From the line with "السياره جاهزه ماتصرف عليها الف" to the last line of the data below, repeat every line exactly and add nothing.

=== Begin Enclosure ===

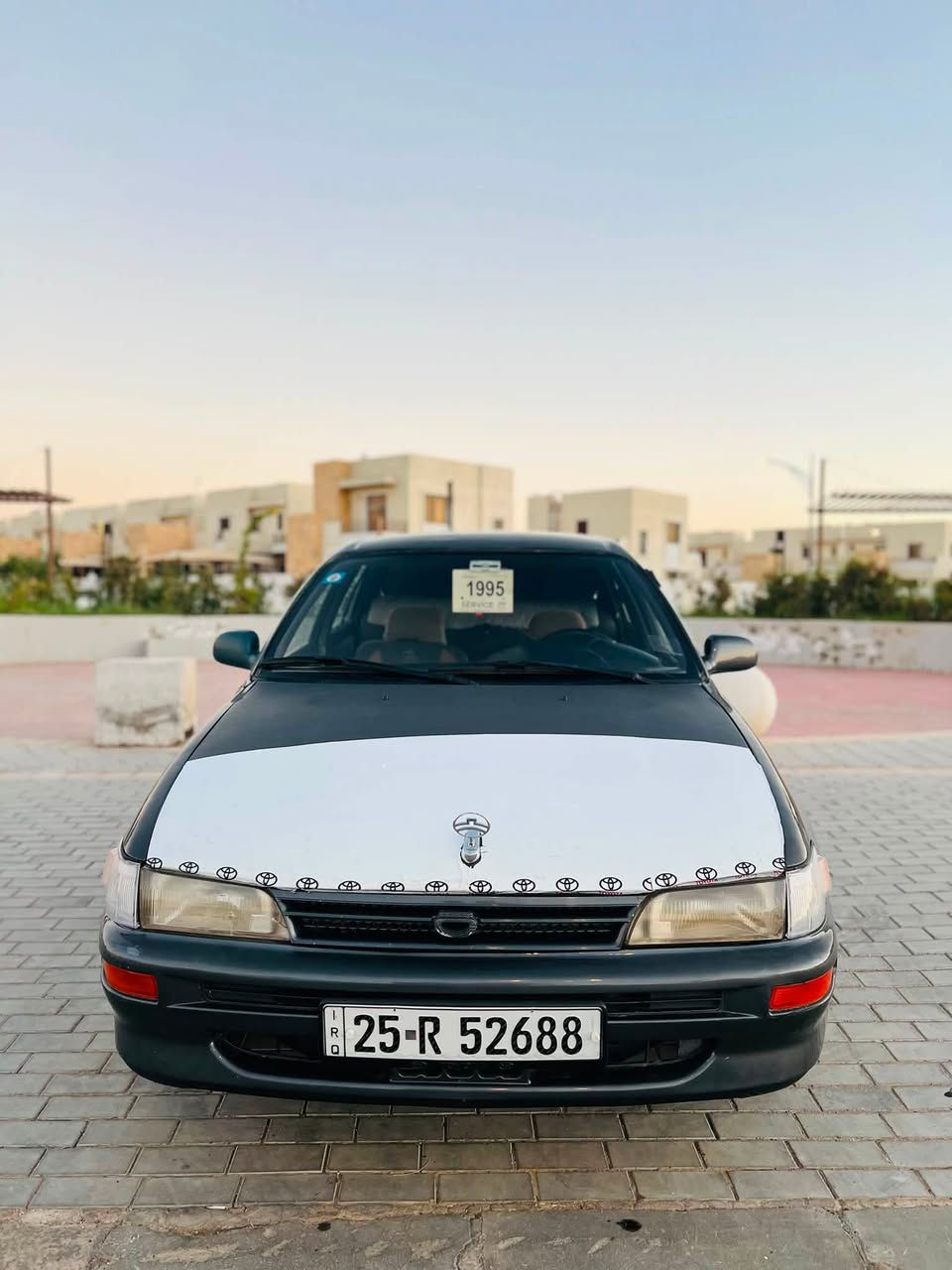 السلام عليكم
للبيع كورلا موديل 1995
سعر مناسب (53) وبيها مجال 
رقم كركوك دولي باسمي شرط التحويل والغرامات هزه جديده سنويه جديده
محرك وكير شرط 
#تبريد ثلج☃️
جامات كهرباء اوتو
صدر وتايرات جدد 
السياره جاهزه ماتصرف عليها الف 
كهربائيات كلها شغاله(صبغ عام جماليه بدون ضربه)
مكان السياره تكريت 
***********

=== End Enclosure ===

(ANSWER BOX)
السياره جاهزه ماتصرف عليها الف 
كهربائيات كلها شغاله(صبغ عام جماليه بدون ضربه)
مكان السياره تكريت 
***********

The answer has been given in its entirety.